This is my first review of Bryce Dessner’s music here, though I wrote about his Murder Ballades, performed by Eighth Blackbird on Cedille, in the American Record Guide. (Sadly, haste resulted in my number one sin-to-be-avoided as a writer, misspelling the poor man’s name. I acknowledge my ignominy and beg forgiveness.) Born in 1976, Mr. Dessner now makes his home in Paris. His career is a model of that happy union among a plurality of musical styles that we have witnessed in our time. No doubt his performance work with the guitar—an instrument that has traditionally bridged many musical landscapes—contributes to his sensibility. His list of compositions is impressive, and his work as a producer of new music concerts extensive.

In Music for Wood and Strings (2013), Dessner creates a 31-minute work in a series devoted to exploring the sound world, and perhaps the gestures and sensibilities, of what he calls “traditional American string music.” (My musical childhood was dominated by banjos and bluegrass music, so I hear the piece through that tradition.) It is scored for percussion and an ensemble of new instruments called chordsticks (developed in collaboration with the instrument builder Aron Sanchez). As Dessner writes, “a cross between a hammer dulcimer and an electric guitar, the four chordsticks are strung with 8 strings and tuned to two open chords so that Sō Percussion can use pencils, bows and mallets to sound either harmony, or play individual strings – creating melodies, tremolos and drones.” In addition, the bass instrument includes one fretted string that facilitates the playing of melodic lines. You can see photographs here.

The alert reader will readily intuit that two open chords does not make for varied harmonies—in that sense, at least, Wood and Strings evokes early minimalism, works like Gavin Bryars’s The Sinking of the Titanic (1969–1972) and Brian Eno’s Discreet Music (1975), and, contemporaneously, the processed violin music in the Cyclic Symphony (2009) by Joshua Carro. The work seems to vacillate among various drone chords—F major, C major, F Lydian, D minor strike me as particularly prominent—that are animated by all kinds of mallet and bowing techniques and, not frequently, incisive and propulsive rhythmic patterns. The resonant open strings and amplification create, within this deceptively simple framework, a great variety of timbres, the overtones often strongly present.

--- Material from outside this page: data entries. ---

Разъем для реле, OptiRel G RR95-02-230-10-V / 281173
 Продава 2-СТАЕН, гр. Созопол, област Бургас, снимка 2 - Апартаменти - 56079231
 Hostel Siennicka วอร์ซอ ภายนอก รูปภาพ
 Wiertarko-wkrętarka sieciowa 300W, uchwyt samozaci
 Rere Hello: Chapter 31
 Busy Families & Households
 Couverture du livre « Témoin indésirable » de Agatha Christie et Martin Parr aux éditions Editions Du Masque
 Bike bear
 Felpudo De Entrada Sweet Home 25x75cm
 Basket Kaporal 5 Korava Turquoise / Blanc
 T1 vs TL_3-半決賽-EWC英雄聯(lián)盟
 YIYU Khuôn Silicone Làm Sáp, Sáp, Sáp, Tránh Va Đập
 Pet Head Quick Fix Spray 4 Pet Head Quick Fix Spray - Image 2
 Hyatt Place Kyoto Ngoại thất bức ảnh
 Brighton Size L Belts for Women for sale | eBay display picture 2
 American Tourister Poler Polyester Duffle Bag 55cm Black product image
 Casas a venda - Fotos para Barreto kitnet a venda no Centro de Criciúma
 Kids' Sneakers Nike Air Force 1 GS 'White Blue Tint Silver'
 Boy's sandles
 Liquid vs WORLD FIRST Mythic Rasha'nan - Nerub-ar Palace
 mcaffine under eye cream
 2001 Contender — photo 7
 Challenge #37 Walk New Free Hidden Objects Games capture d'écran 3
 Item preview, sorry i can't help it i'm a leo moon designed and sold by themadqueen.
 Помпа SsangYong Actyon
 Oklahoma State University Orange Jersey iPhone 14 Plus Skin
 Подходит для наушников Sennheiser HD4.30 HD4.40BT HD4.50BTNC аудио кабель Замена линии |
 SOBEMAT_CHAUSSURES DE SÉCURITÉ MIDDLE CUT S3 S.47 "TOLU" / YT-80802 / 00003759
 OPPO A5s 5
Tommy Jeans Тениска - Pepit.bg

But the work succeeds, additionally, as an extended composition. Its nine sections are played attacca but clearly work toward an ecstatic climax in the eighth section (by far the strongest) and a quiet coda—marked by slow glissandos ascending toward the highest register of the instruments: as the only portion of the work that includes pitches outside of the open-string tunings, this moment is especially poignant. (I should mention that the CD includes the nine sections as separate tracks—presumably for “song shuffle” play—and as one long, continuous one.)

As for the performance, Sō Percussion is at their usual, extraordinary best. They are precise, highly musical and enthusiastic, and have just enough give-and-take in their realization of the rhythms to imbue Dessner’s music with the vitality that it deserves.